Dalam hal ini, metode pembelajaran yang menyenangkan dan tidak membebani siswa sangat diperlukan agar mereka tetap termotivasi untuk belajar dan tidak merasa terpaksa. “Ajarkan coding dengan cara yang menyenangkan sesuai dengan kapasitas mereka. Jangan terlalu menuntut agar mereka menjadi coder di usia yang terlalu muda,” ungkapnya. Menurut Iradat, pengajaran yang terlalu berfokus pada hasil bisa menghilangkan kesenangan dalam belajar, yang justru dapat menghambat perkembangan kreativitas siswa.
Kesiapan Guru dan Infrastruktur
Selain mempertimbangkan materi ajar, Iradat juga mengingatkan tentang kesiapan tenaga pengajar dalam mengajarkan AI dan coding. Ia menilai bahwa guru-guru muda yang diharapkan mengajarkan logika matematika dan komputasi harus dibekali dengan pengetahuan dan keterampilan yang memadai mengenai alat atau tools yang digunakan dalam pembuatan coding. Tanpa pengetahuan yang cukup, guru tidak akan bisa mengajar dengan efektif, yang akhirnya berdampak pada kualitas pembelajaran yang diterima siswa.
Iradat juga mengangkat isu mengenai kesiapan infrastruktur, seperti ketersediaan perangkat seperti laptop atau komputer di sekolah-sekolah.

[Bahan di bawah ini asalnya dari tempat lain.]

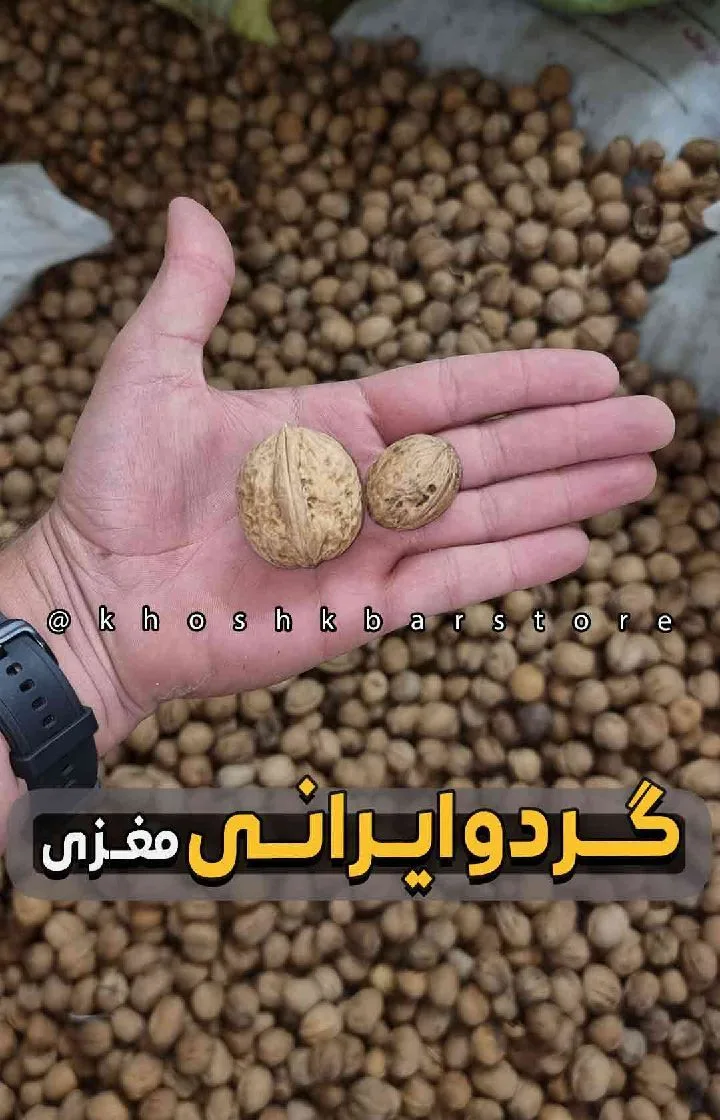 گردو ایرانی مغزی، رنگ قهوه‌ای، گردوی پوست‌دار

Ia menegaskan bahwa program pengajaran AI dan coding harus didukung dengan sarana yang memadai, agar semua siswa dapat belajar dengan optimal. “Eksklusivitas dalam pembelajaran ini tidak baik. Pemerintah harus memastikan bahwa semua sekolah, bukan hanya yang ada di kota-kota besar, memiliki akses yang setara terhadap sarana dan prasarana yang dibutuhkan,” ujarnya. Oleh karena itu, Iradat menyarankan agar program ini dirancang dengan lebih inklusif, agar tidak hanya terbatas pada sekolah-sekolah yang sudah maju secara teknologinya.

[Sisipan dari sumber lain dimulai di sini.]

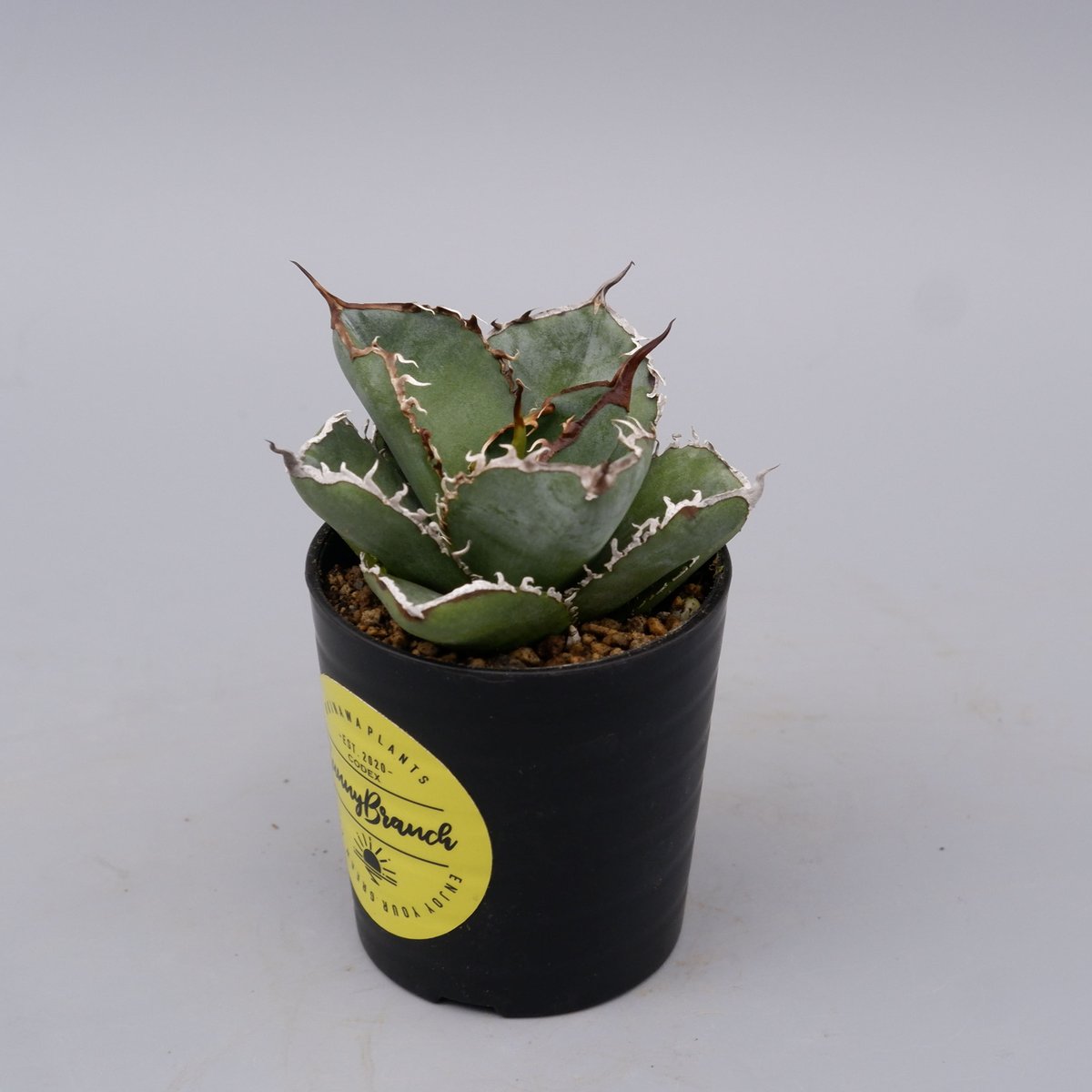 アガベ チタノタ 白鯨 Agave titanota white whale 183 | Su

Prinsip Pemerataan dalam Pendidikan Teknologi
Iradat juga menyarankan agar program pengajaran AI dan coding ini tidak hanya dijalankan sebagai pilot project di sekolah-sekolah tertentu saja, terutama di kota besar. Sebagai gantinya, ia mengusulkan agar sampel percobaannya lebih beragam, mencakup sekolah di berbagai daerah, baik yang maju maupun yang masih dalam tahap pengembangan. “Jika hanya memilih sekolah-sekolah yang sudah bagus, itu berarti kita hanya melakukan cherry picking, yang tidak mencerminkan pemerataan pendidikan,” katanya.

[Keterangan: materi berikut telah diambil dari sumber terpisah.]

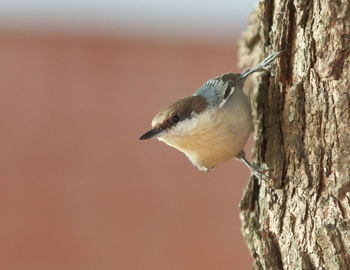 Close-up of bird perching on tree trunk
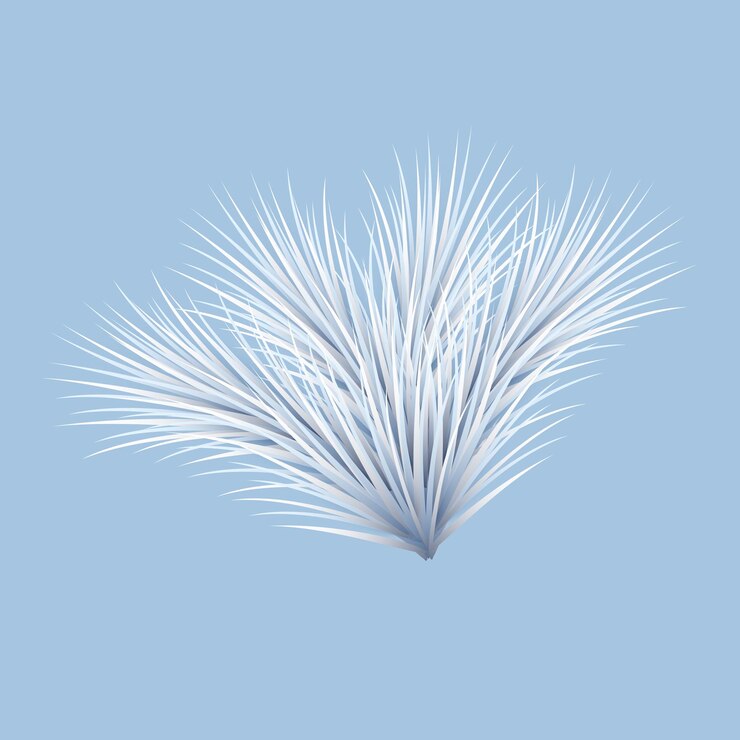 Vector fir tree branch isolated on blue background christmas tree branch for design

Ia menegaskan bahwa prinsip pemerataan dan keadilan harus menjadi hal utama dalam mengimplementasikan kebijakan ini. Jika program ini berhasil diterapkan dengan adil dan merata, maka bisa membawa dampak positif bagi perkembangan keterampilan digital di seluruh penjuru Indonesia.
Baca juga : Deep Learning Dapat Diterapkan di Semua Mata Pelajaran
Kolaborasi STEM dan Ilmu Sosial
Iradat juga mengungkapkan pentingnya memadukan pendidikan berbasis STEM (Science, Technology, Engineering, and Mathematics) dengan ilmu sosial. Menurutnya, kemampuan dalam bidang STEM sangat penting, tetapi pemahaman terhadap isu-isu sosial juga tidak kalah penting. “Generasi muda yang memiliki kemampuan STEM dan wawasan dalam ilmu sosial akan lebih siap menghadapi tantangan global,” ungkapnya. Dengan kolaborasi antara kedua bidang ini, generasi muda tidak hanya akan cerdas dalam teknologi, tetapi juga memiliki kesadaran sosial yang tinggi, yang sangat penting bagi kemajuan bangsa.
Iradat percaya bahwa pendidikan yang menyeluruh—baik dalam bidang teknologi maupun sosial—akan menghasilkan individu yang tidak hanya kompeten, tetapi juga berkarakter dan memiliki moral yang baik. “Pemahaman terhadap ilmu sosial harus tetap diperkuat agar kita tidak kehilangan arah dan tetap menjaga nilai-nilai kemanusiaan,” pungkasnya.